English

Indian government rejects Snowden’s asylum request

The Indian government on Tuesday flatly rejected a request for political asylum issued by former US National Security Agency contractor, Edward Snowden, and at the same time publicly defended the illegal US global surveillance operations exposed by the courageous whistleblower.

India is one of the 20 countries from which, Snowden, currently trapped in Moscow’s Sheremetyevo airport, has sought asylum. The Congress Party-led government of Prime Minister Manmohan Singh issued a curt public statement, declaring: “We have carefully examined the request [for asylum]. Following that examination we have concluded that we see no reason to accede to the request.”

No explanation whatsoever has been provided to justify the decision, which underscores New Delhi’s contempt for democratic rights both internationally and within India. The right to asylum is recognised in numerous human rights and international treaties. Snowden undeniably deserves sanctuary. For alerting the American and world populations to the crimes being carried out by Washington and its allies, Snowden is being persecuted by the Obama administration. He confronts a concerted slander campaign and bogus criminal charges that carry long prison terms or the death penalty if he is returned to the US. Yet for New Delhi, as for governments in Russia, Europe, and Latin America, the overriding consideration is to maintain warm relations with US imperialism.

The Indian government has increasingly aligned itself with Washington, particularly after signing an advantageous nuclear accord with the Bush administration in 2006. The US is seeking to enlist India as a strategic partner against Beijing, which is the target of the Obama administration’s aggressive military and diplomatic “pivot” to Asia. Washington has forged a strategic partnership with New Delhi, which regards China a regional rival.
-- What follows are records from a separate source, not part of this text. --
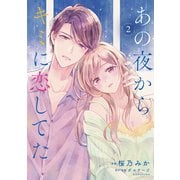 あの夜からキミに恋してた（2）【電子版限定カラーイラスト付き】（講談社） [電子書籍]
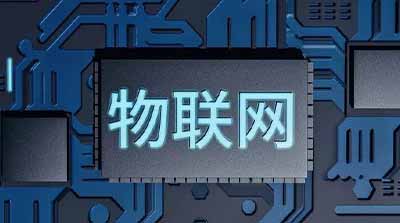 5G時代，電信運營商如何通過物聯(lián)網(wǎng)服務(wù)引領(lǐng)未來？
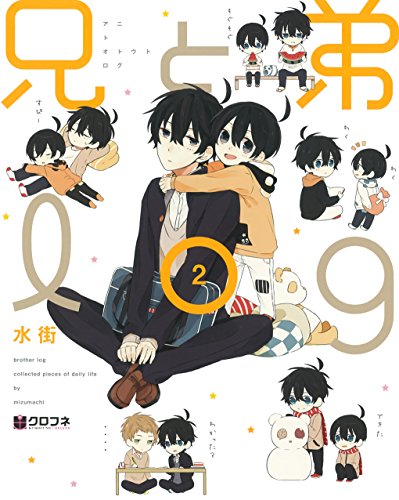 兄と弟log (2) (クロフネデラックス) [コミック] [Feb 10， 2016] 水街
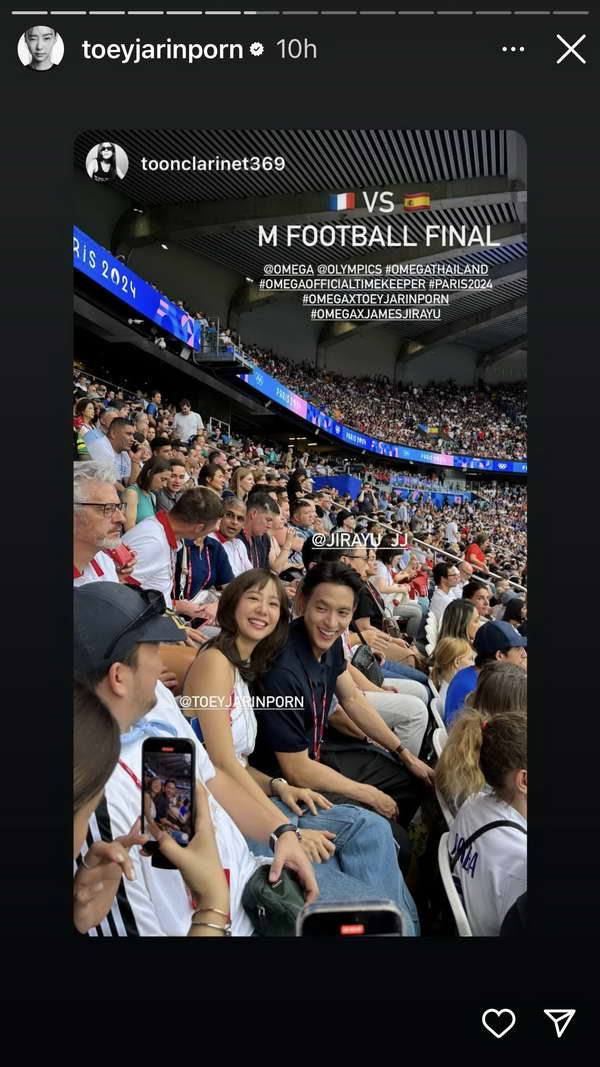 เจมส์จิ-เต้ย จรินทร์พร ควงคู่บินสู่กรุงปารีส ชมฟุตบอลนัดชิงฯ โอลิมปิก 2024 เจมส์จิ-เต้ย จรินทร์พร ควงคู่บินสู่กรุงปารีส ชมฟุตบอลนัดชิงฯ โอลิมปิก 2024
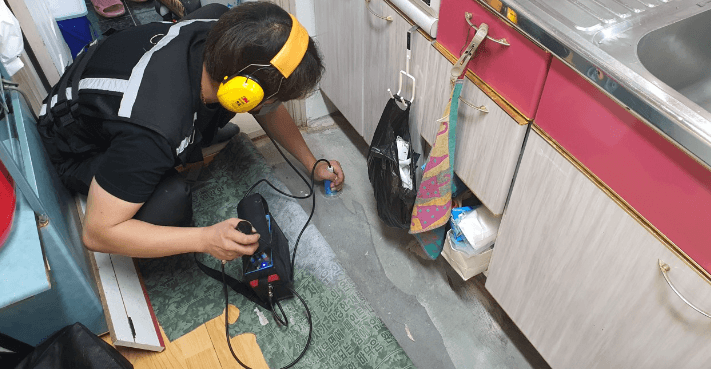 울산 울주군 누수탐지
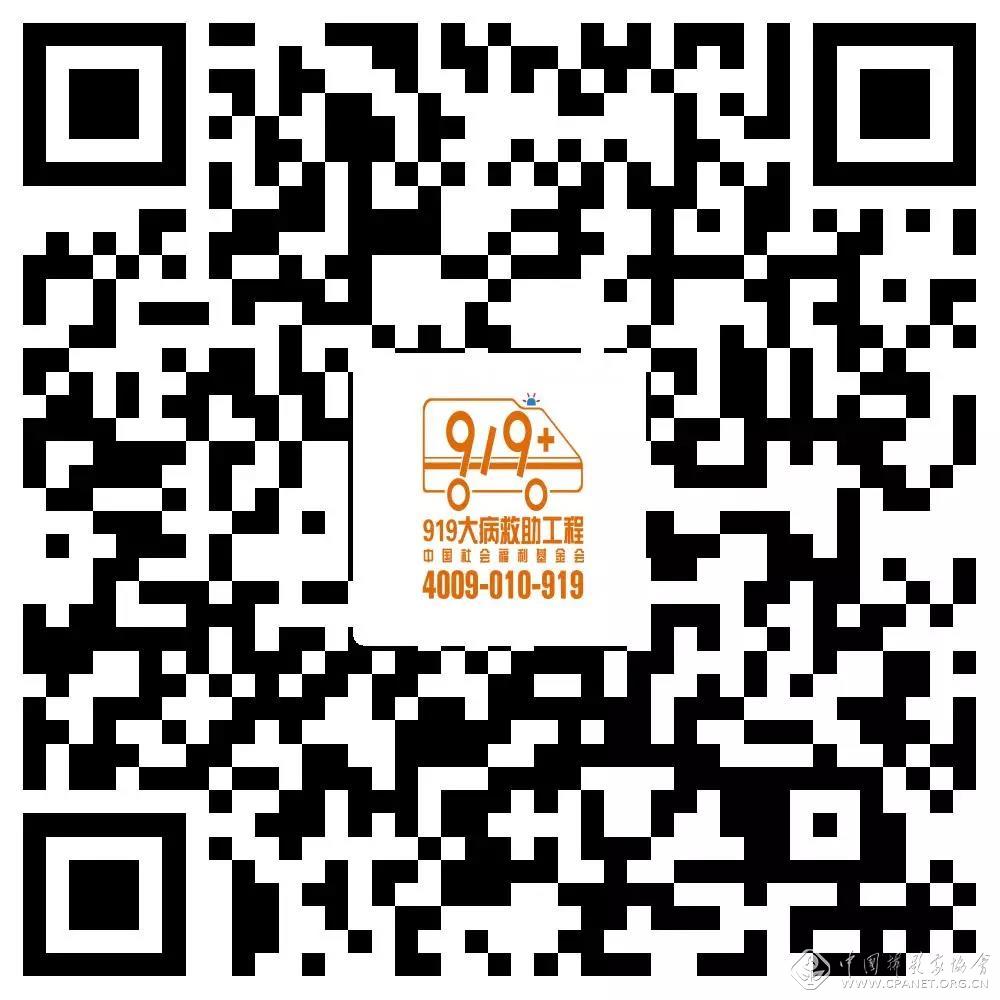 微信图片_20190111145747.jpg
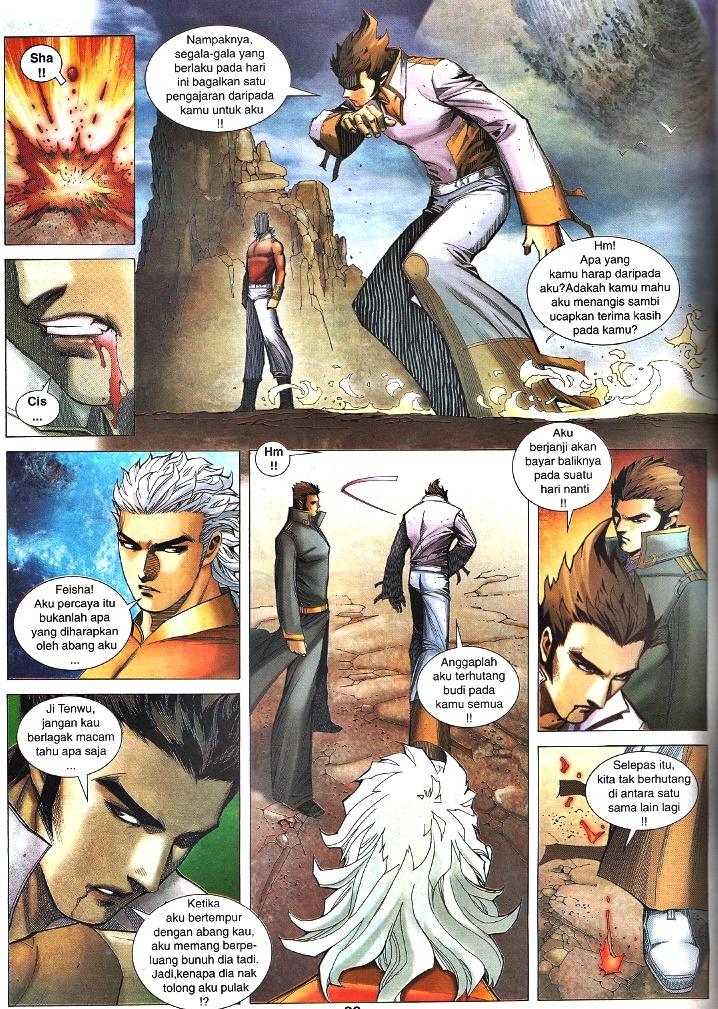 Wira Tunggal Infiniti: Chapter 43 - Page 15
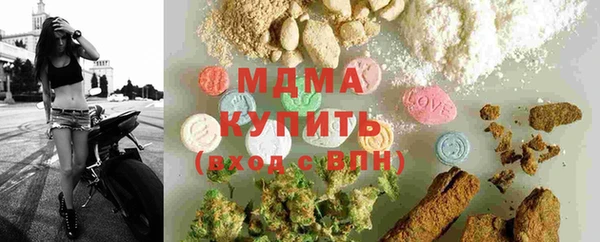 мефедрон мука Белокуриха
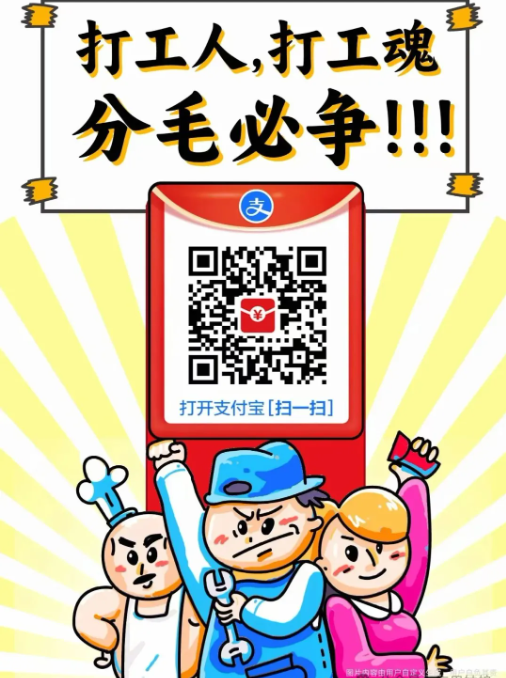 支付宝，大额红包发放中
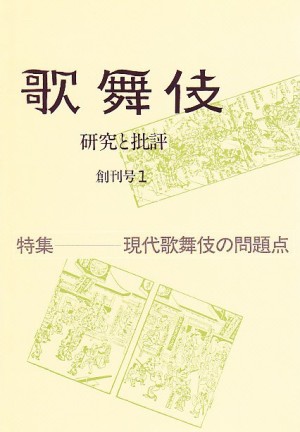 歌舞伎研究と批評] | 手塚書房‐公式ホームページ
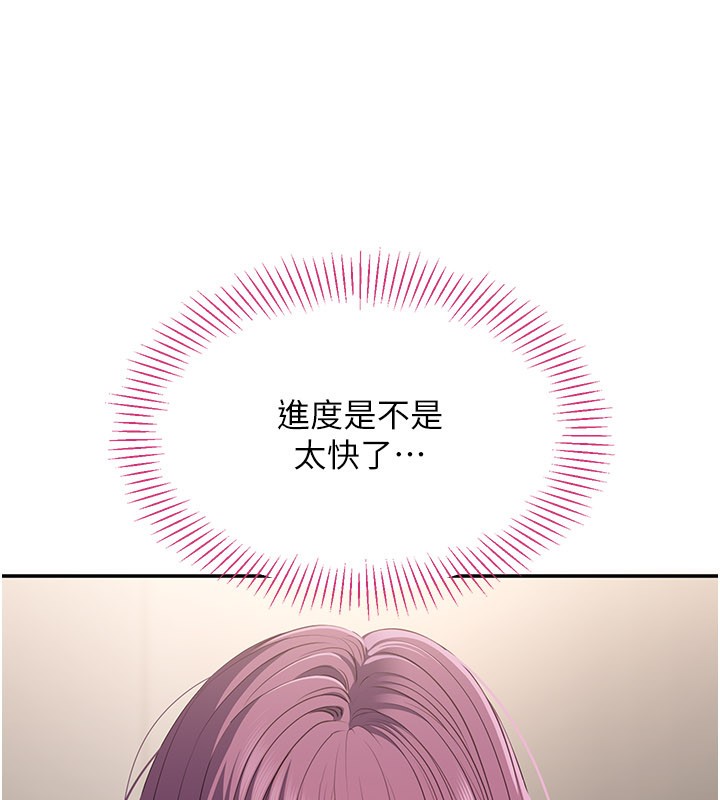 倒追游戏第40話-好想再來一次!!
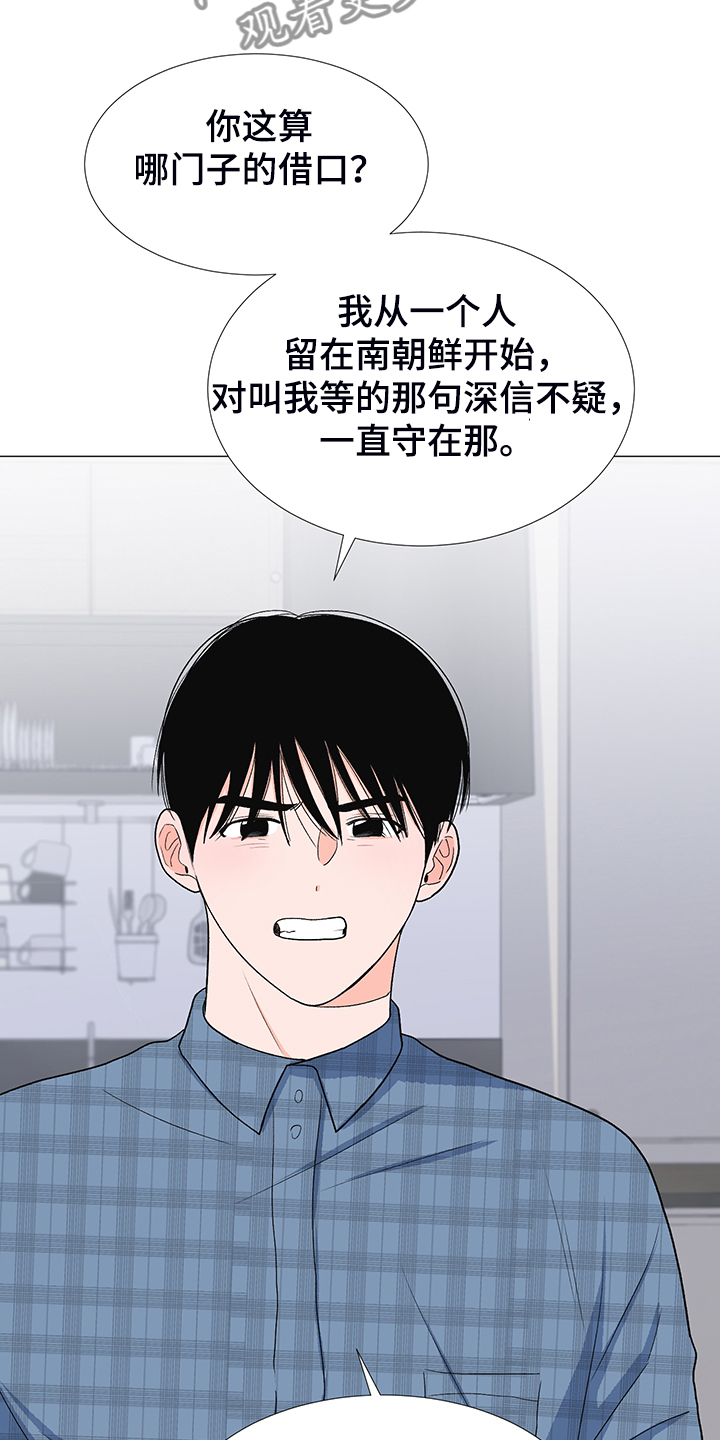 《重要人物》第40章委屈求全 第4页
Snowden exposed the fact that India is the fifth most heavily, NSA-monitored countries in the world. Through the PRISM program, which intercepted private data directly from computer and software companies including Microsoft, Apple, Facebook, and Yahoo, about 6.3 billion pieces of intelligence were gathered from Indian computer networks.

The government has dismissed widespread public outrage in India over the revelations. The Hindustan Times last month reported an unnamed intelligence official admitting that Indian agencies had known about the US spying operations for years. “While we did not know the name of the snoop operation (PRISM), we knew about NSA’s snooping on India since 2005-06 and that our content was being read,” he said.

This was kept secret from ordinary Indians, and New Delhi lodged no protests with Washington, concerned above all else not to jeopardise relations between the two countries.

Indian external affairs minister, Salman Khurshid, this week openly justified the NSA operations. “It is only computer analysis of patterns of calls and emails that are being sent,” he declared, while in Brunei for an Association of Southeast Asian Nations (ASEAN) meeting. “It is not actually snooping on specific content of anybody’s message or conversation… Some of the information they [the US] got out of their scrutiny, they were able to use it to prevent serious terrorist attacks in several countries.”

This is a pack of lies, which echo the Obama administration’s attempt to falsify what has actually been exposed by Snowden while justifying the massive electronic surveillance in the name of fighting “terror.” The purpose of the NSA espionage network is to monitor and suppress political dissent within the US and to bolster Washington’s strategic position against its rivals internationally.

The Indian government has rushed to defend the NSA, in part to justify its own domestic surveillance operation.

The Central Monitoring System (CMS) project, announced in 2011 and begun this year, gives intelligence agencies unchecked access to 900 million India’s landline and mobile telephone users and 120 million internet users. The CMS allows security agencies to monitor private online communications via Facebook, Twitter, Google, and other services. Nine government intelligence agencies, including the Intelligence Bureau, Central Bureau of Investigation, and the income tax department have access to the program.

India has no effective privacy laws. The government is using 1885 legislation from the British colonial era, which authorises the monitoring of private communication. As in the US, the bogus “war on terror” has provided the pretext, with cyber surveillance first stepped up by the Congress-led government in the aftermath of the 2008 September terrorist attack in Mumbai that killed 166 people.

In the wake of Snowden’s exposures, Cynthia Wong of Human Rights Watch denounced the CMS. “The Indian government’s centralised monitoring is chilling, given its reckless and irresponsible use of the sedition and Internet laws,” she said. “New surveillance capabilities have been used around the world to target critics, journalists, and human rights activists.”

The government yesterday attempted to deflect public anger in India generated by the external affairs minister’s support for the NSA’s spying. The foreign ministry feigned outrage over reports in the Guardian on the weekend that India was among 38 diplomatic missions in New York targeted for surveillance. Foreign ministry spokesman Syed Akbaruddin declared that India was “concerned” about monitoring diplomatic missions and would “raise with the US authorities these serious allegations.”

India’s rejection of asylum for Snowden is a warning to the working class that the Indian government is determined to maintain its strategic partnership with Washington while intensifying its own police state preparations at home.